Siapa sangka, bisnis harum ini berawal dari obrolan santai Akina Sesari, Rachel Liong, dan Arficita (Citta), di saat ketiganya menjalani pendidikan di Fakultas Ekonomi UI Internasional di Belanda, sekitar tahun 2012.
Di sana mereka melihat banyak pilihan produk pengharum ruangan di pasaran, sementara di Indonesia sangat terbatas, padahal kita sangat kaya akan sumber wewangian. Produk yang ada pun hanya memiliki pilihan aroma yang biasa-biasa.
“Pilihan pengharum ruangan di Indonesia waktu itu, kalau tidak terlihat terlalu modern, ya terlalu tradisional dengan kemasan yang tidak menarik. Kamilalu mencoba membuat produk yang tampil dengan kemasan modern tapi beraroma tradisional khas Indonesia,” ujar Akina.
Tak lama setelah mereka pulang ke Tanah Air, di akhir 2014 lahirlah produk pengharum ruangan yang diberi nama Camani, yang memilki konsep reed diffuser (berupa stik kayu mirip hio, yang saat itu belum ada di Indonesia) dengan aroma khas tradisional Indonesia. “Waktu itu belum banyak pilihan pengharum ruangan dengan konsep ini, sehingga kami yakin Camani akan bisa diterima oleh masyarakat,” kata Akina.
Sebagai edisi awal, Camani mengeluarkan lima pilihan wewangian dengan aroma yang lekat dengan keseharian masyarakat Indonesia.
Ada Air Jambu yang memiliki aroma khas desa di Jawa Barat yang kental dengan teh hijau, Alia Jae yang merupakan wewangian khas daerah Jawa Tengah yang kental dengan aroma sitrus dan jahe, Maha Pengiri yang menguarkan wangi serai yang sangat segar, Akar Wangi dari akar rempah-rempah yang wangi, serta Gelam yang beraroma minyak telon.
“Gelam berasal dari minyak gelam, diambil dari nama Pulau Gelam, salah satu pulau penghasil minyak kayu putih terbesar di Indonesia. Harus ada cerita di balik setiap produk kami, agar ketika bersaing di pasar dunia, Camani mampu mewakili Indonesia.” Camani akhirnya menjadi sebuah jembatan karya dari ketiga wanita ini, yang ingin mengimbau kepada masyarakat tentang pentingnya wewangian dalam kehidupan sehari-hari.

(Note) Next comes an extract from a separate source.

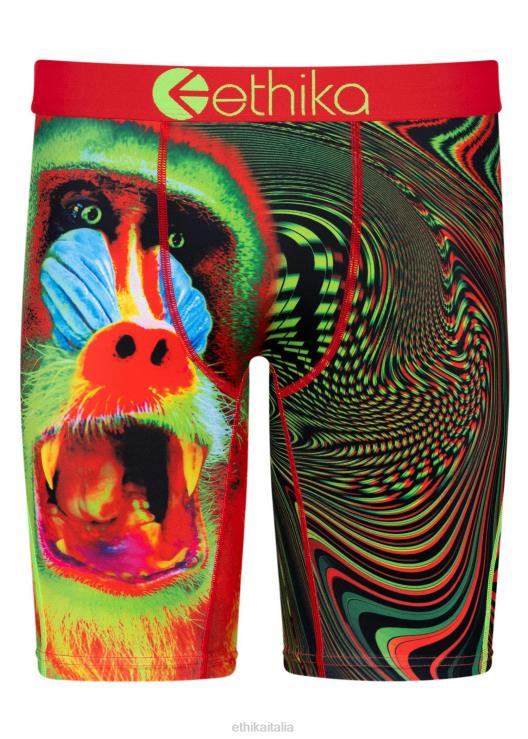 fiocco primordiale flo uomini Ethika 6P2X066 vestiario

“Kita semua adalah pengguna dan pencinta wewangian. Sebenarnya, sulit menemukan formula wewangian yang tepat untuk masyarakat kita, karena sejak dulu orang Indonesia sangat menyukai wewangian. Dalam hal makanan saja, kita cenderung memilih yang beraroma wangi. Contohnya, nasi yang beraroma pandan,” jelas Akani lagi.
Seiring waktu, Camani mulai disukai masyarakat. Dari produksi awal yang hanya 500 botol per varian, permintaan terus meningkat. Penjualan Camani, yang awalnya hanya beredar di antara teman-teman dekat dan butik-butik kecil di seputar Jakarta serta melalui online, kini mulai mendapat permintaan reselling dari luar Jakarta. Citta yang bertugas memegang divisi penjualan dan pengiriman barang awalnya sampai kerepotan memenuhi permintaan yang besar itu.
“Di tahun 2015, permintaan masyarakat meluas, mulai dari Bandung, Surabaya, Aceh, hingga ke luar negeri, seperti Jepang dan Belanda. Kami akhirnya mencoba menyesuaikan produksi kami dengan kebutuhan pasar,” ujar Cita.
Setelah seri yang pertama, Camani merilis koleksi kedua khusus untuk room spray yang terdiri atas tiga wewangian baru. Yakni, Semalam (aroma bunga sedap malam dan bunga putih), Parna dengan aroma dedaunan segar, dan Rami yang memiliki wangi linen yang netral.